Imagine that we are standing on a beach. We have our backs to the wind and we are looking out to sea. The wind is crossing the beach at 90 degrees and blowing straight out to sea. On the horizon we see a small sailing boat. As we watch, we notice that the boat is sailing from side to side, but gradually getting closer to the beach.
The boat is being propelled by the wind, which is blowing straight out to sea. But the boat is moving upwind towards the beach. By interacting with the wind, the sails of the boat are producing a force, part of which is acting in the opposite direction to the wind. The trick of course is that the boat is not sailing directly into the wind but at an angle to it.
To understand how this is happening we must move along the beach to a point where the boat is moving directly towards us. The bow of the boat is pointing directly towards us, but the wind is no longer coming from directly behind us, but from one side. Because of this angle, the wind acting on the sails produces a force that acts at an angle across the boat, towards the side away from the wind.
Although this force tends to push the boat sideways, the keel of the boat resists this sideways motion, and in so doing deflects part of the force towards the bow of the boat. The overall effect is forward motion of the boat through the water. Because the bow of the boat is pointing slightly upwind, the boat moves slightly upwind.
If we examine the motion of the boat we will find one vector at right angles to the wind and another acting upwind. The surprising thing about all of this is that it is entirely possible for the upwind part of the motion to be far greater than the crosswind part. This means that the boat can sail in a direction that is very close to the wind.
A winglet is in many ways similar to the sails of a boat. By interacting with the air passing over it, a winglet generates a force. The direction of this force is determined by the angle at which the chord line of the winglet is set and the direction of the airflow passing over it. Because of its location out at the wingtip the winglet is in the wingtip vortex. The airflow over an upward pointing winglet is not directly fore and aft, but is angled inboard towards the fuselage. This is the equivalent of the boat sailing at a slight angle to the wind.

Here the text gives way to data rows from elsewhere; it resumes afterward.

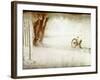 Shoreleague-Craig Satterlee-Framed Photographic Print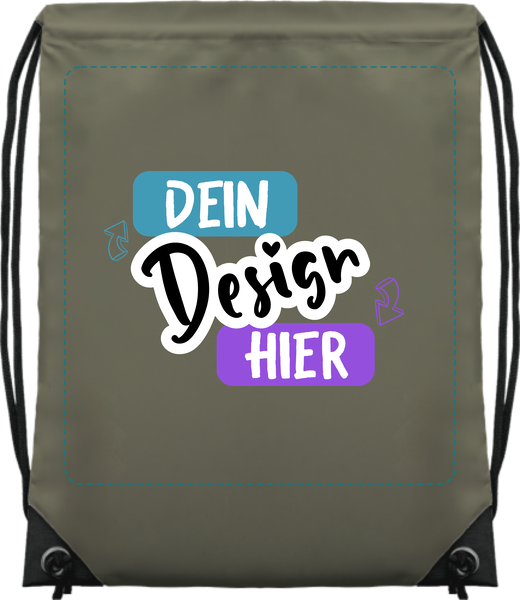 Olivgrün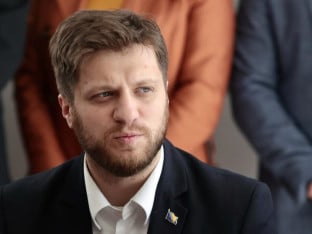 Sarajevskom načelniku poništena diploma koju je stekao u Banjaluci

Given the correct combination of chord line angle and airflow direction, the force generated by the winglet will act inboard and forward. The inboard component tends to bend the winglet towards the fuselage, while the forward component tends to drive the winglet in the direction of the flight of the aircraft. This forward component of the overall force generated by the winglet is thrust.
In addition to generating this thrust force, the winglet also reduces the overall intensity of the inboard airflow, thereby reducing wingtip vortex strength. This in turn reduces lift-induced drag. This process could also be described as the winglet extracting energy that would have been lost in the wingtip vortex and giving it back to the aircraft by applying a forward thrust force.
The principal problem with winglets is that to be effective they require the correct combination of chord line angle and airflow direction. The airflow direction depends upon aircraft weight, airspeed and configuration, all of which vary in flight. So the fixed angle winglets currently in use can be really effective only within a fairly narrow speed range. This speed range could be increased by using variable angle winglets, but the cost would probably outweigh the benefits.
So why can we not get rid of our engines and simply use winglets. The first problem is that we would need a reliable source of wind to interact with the winglets. Imagine trying to use a sailing boat on a dead-calm day.
The second problem is that the thrust produced by the winglets is far less than the drag produced by the rest of the aircraft. A winglet that could produce 50000 lb of thrust at the start of the take-off run would be, hhhhhmmmmmm, interesting to say the least!